I sat on the beach and chatted with a good friend a little while after Seita and I had started discussing Japan. God used her to build my faith to take small steps, not life-investing leaps. Seita was about to board a plane and head to Japan for the initial investigative trip. She asked me if I had faith for Seita to go and check things out. I said yes. God had given me faith for that. I had no doubt. I started to see that each decision, each step, would need to be dependent on God providing the faith.
As we walked through the next 20 months of making decisions, support raising, and attending cross-cultural training, God proved Himself faithful. During that time, those 3 concerns I initially had started to fade. They had become more part of the background. The more faith God gave me in what He was calling me to do, the less my concerns crowded my thoughts. In His kindness, He allowed me to see my concerns and my weaknesses, in order for Him to show me His power.

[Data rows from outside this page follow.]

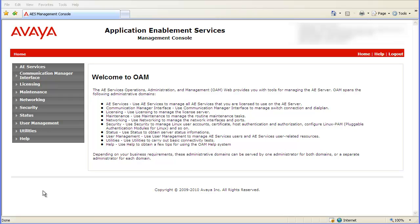The Avaya Aura Contact Center, or AACC Default Certificate Common Name, needs to be added to the Application Enablement Services, or AES, server. This allows AES to securely communicate with one or more AACC Contact Center Manager Server, or CCMS, components.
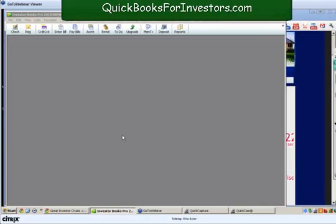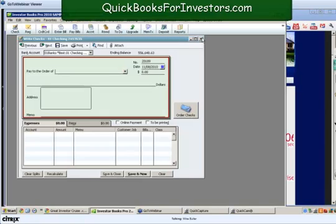We're going to start with a check — or with a deposit. In this situation we're going to be taking a check to our closing; we're going to write a check because we're going to need cash to buy this property. But before we get started, remember I said there was an earnest money check — let me show you how to enter this.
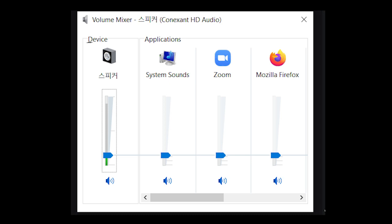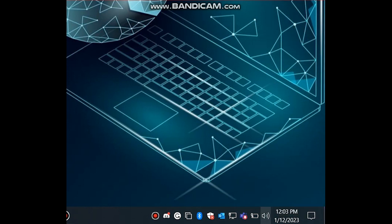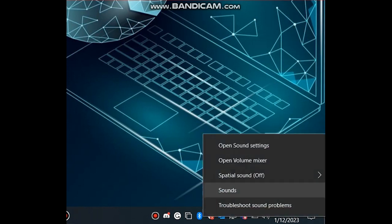Hey everyone, a quick tip. Sometimes you want to increase or decrease the volume of some specific application if you have multiple applications opened up. Simply go to the volume icon, right-click it, and select Volume Mixer.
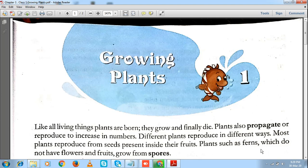Good morning students, hope you all are doing fine and making the best use of this lockdown period. Moving forward, as you all know, the first chapter is about growing plants.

Although we did not board a ship, we did board a plane 2 years ago. Seita, myself, 4 young kids, 10 bags, some toys from the Target dollar section, and a small step of faith. We knew God would provide the faith for the next step after that. And in all honesty, the faith that He has given me has got nothing to do with me. Faith is a gift. We are simply recipients of this gracious gift. But, it’s God in whom we place our faith, in whom faith points to, and who provides our faith that is truly amazing. This amazing God keeps us dependent on Him by giving us faith in small doses.

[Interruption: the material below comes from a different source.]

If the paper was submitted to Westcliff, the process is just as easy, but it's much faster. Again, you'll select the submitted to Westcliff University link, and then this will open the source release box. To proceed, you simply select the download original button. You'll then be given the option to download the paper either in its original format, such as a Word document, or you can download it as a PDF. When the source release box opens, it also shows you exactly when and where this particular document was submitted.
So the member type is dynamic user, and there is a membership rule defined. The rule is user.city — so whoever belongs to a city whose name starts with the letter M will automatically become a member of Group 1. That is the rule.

I don’t know the perspective our kids hold of our new life in Japan. I suppose we all hear things we didn’t know our kids ever thought about until they are adults. Yikes. Part of their story will be about moving to Japan and following God’s call. I don’t know if we speak about faith enough in front of them, but I do know they are aware of our calling. I pray that they will somehow see how steps of faith have been woven into a pathway forward – even into a foreign country. I also pray that they will know God, who has and will direct the steps He gives them grace for. Baby steps are all I pray for, because only God knows that we can handle nothing more.